Taoiseach (Prime Minister) Enda Kenny had the support of the country in his first two years, reversing the tide of the daily scandals over the unholy alliance of speculators, incompetent bank overseers and seemingly financially illiterate Fianna Fail government ministers who failed to see the catastrophe coming.
Kenny’s achievement was to build confidence and competence, and get the European debt masters off the country’s back.
But the austerity measures may have gone too far, coupled with the first big scandal over recently fired Justice Minister Alan Shatter. Kenny suddenly finds himself vulnerable in the extreme.

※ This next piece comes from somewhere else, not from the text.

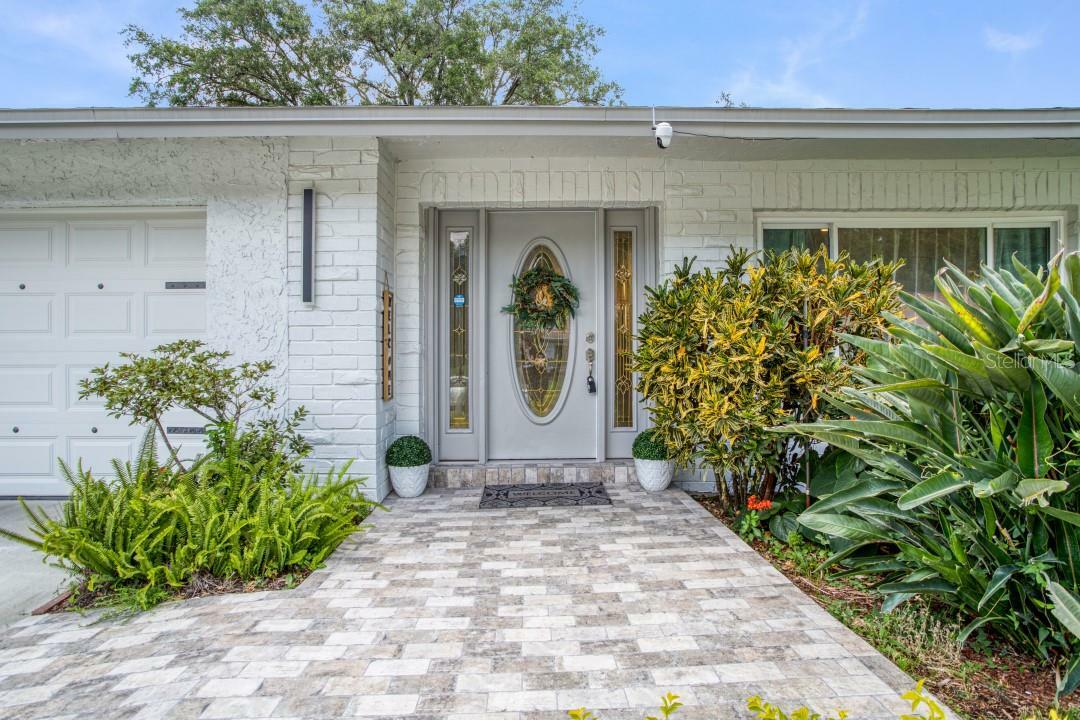 Property Photo:  1137 Lanyard Street  FL 34685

With old rival Fianna Fail making a decent comeback in the election, Sinn Fein soaring and his coalition partner Eamon Gilmore being booted from the leadership of the Labor Party which was essentially wiped out by an angry electorate, Kenny has much to ponder.

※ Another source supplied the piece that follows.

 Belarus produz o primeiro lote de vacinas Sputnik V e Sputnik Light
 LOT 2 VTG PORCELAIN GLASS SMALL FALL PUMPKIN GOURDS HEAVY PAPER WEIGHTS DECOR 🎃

Sinn Fein as a partner in government either with Fianna Fail or Fine Gael suddenly looms a possibility.
But Adams is far too astute a politician to aim his party at any such arrangement. The fate of junior partners in coalition governments has been dire, with Labor, the Greens and the Progressive Democrats essentially annihilated and blamed for the government’s problems.
The tectonic plates have shifted forever in Irish politics after this election. Where they end up settling after the next election is anyone’s guess.